Yesterday, somehow, by a last-minute agreement, the bells rang out in France, from the churchtowers across sixty-six dioceses, in solidarity with the persecuted Christians in the Middle East.

As the “mainstream media” are eager not to tell you, this was done in the face of plausible threats from Muslims, to do violence against Catholic targets in response. Attacks on Catholic churches and cemeteries in France have become commonplace (as on Jewish synagogues and cemeteries), and these threats are no joke. Some of the recent attacks, such as that on Charlie Hebdo, strike the “laics” just where they live, and thus cross the threshold into “mainstream” news. In contrast, attacks against conspicuously religious targets tend not to be reported; or when big enough, to be reported in a systematically dishonest, “politically correct” way.

But in despite of that, the bells were ringing, right across France.

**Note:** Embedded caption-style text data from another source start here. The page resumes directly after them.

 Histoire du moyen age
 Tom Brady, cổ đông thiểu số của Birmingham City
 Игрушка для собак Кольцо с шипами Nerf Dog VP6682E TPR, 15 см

Such huge events go almost unrecorded in the history of our own times; yet will stand in the recollection of later generations; and ultimately, in the view of human history transcending time.

The past is often obscure to us; the future does not yet exist and so contains nothing, clear or obscure. The present is instead the greatest puzzle, for it is the period in history we know least about. And it is the belief that we are informed by omnipresent media that stacks our ignorance higher and higher.

This is one thing I learned again and again as a journalist, whenever I found myself at the frontier of “events”: that even there, with all the klieg lights glaring, the true story was not being told. For everything of real significance was happening in the shadows, and behind the walls. I learned, I hope for all time, that the “great events” are at most only the occasion for greater events, far more interesting, in the small places where the narratives of sin and redemption are being resolved.

In this sense, the largest wars and revolutions are only a popular distraction; mere wheels turning in a giant, soulless machine. It is not the machine that is important; it is the movement, rather, within immortal souls.

And it is against the clanking wheels of murderous human industry, that we posit this Liturgical Year — rendering time, sub specie aeternitatis.